#### Exercise:
Gather all lines from the material that contain "Photo".
------------------------------------------------------------------------
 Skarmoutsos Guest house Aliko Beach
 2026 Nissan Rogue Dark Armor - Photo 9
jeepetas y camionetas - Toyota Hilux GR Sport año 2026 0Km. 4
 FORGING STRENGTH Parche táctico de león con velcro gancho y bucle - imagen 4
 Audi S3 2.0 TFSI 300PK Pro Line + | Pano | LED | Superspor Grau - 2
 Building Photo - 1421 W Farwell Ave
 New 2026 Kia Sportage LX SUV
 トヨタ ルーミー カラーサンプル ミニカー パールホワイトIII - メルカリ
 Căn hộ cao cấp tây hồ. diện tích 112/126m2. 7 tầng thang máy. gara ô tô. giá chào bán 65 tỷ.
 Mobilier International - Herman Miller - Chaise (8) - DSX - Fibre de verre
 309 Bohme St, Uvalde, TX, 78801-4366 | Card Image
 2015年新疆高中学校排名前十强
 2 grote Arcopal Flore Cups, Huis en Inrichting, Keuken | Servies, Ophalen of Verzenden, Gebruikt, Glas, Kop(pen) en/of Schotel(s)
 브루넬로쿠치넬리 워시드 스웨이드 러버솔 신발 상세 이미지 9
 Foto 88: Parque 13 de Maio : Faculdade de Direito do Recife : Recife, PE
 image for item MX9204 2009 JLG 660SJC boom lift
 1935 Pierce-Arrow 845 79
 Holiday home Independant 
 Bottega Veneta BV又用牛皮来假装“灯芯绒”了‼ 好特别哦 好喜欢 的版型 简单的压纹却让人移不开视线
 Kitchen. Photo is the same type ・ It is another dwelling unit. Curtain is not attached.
------------------------------------------------------------------------
#### Completed task:
 2026 Nissan Rogue Dark Armor - Photo 9
 Building Photo - 1421 W Farwell Ave
 Kitchen. Photo is the same type ・ It is another dwelling unit. Curtain is not attached.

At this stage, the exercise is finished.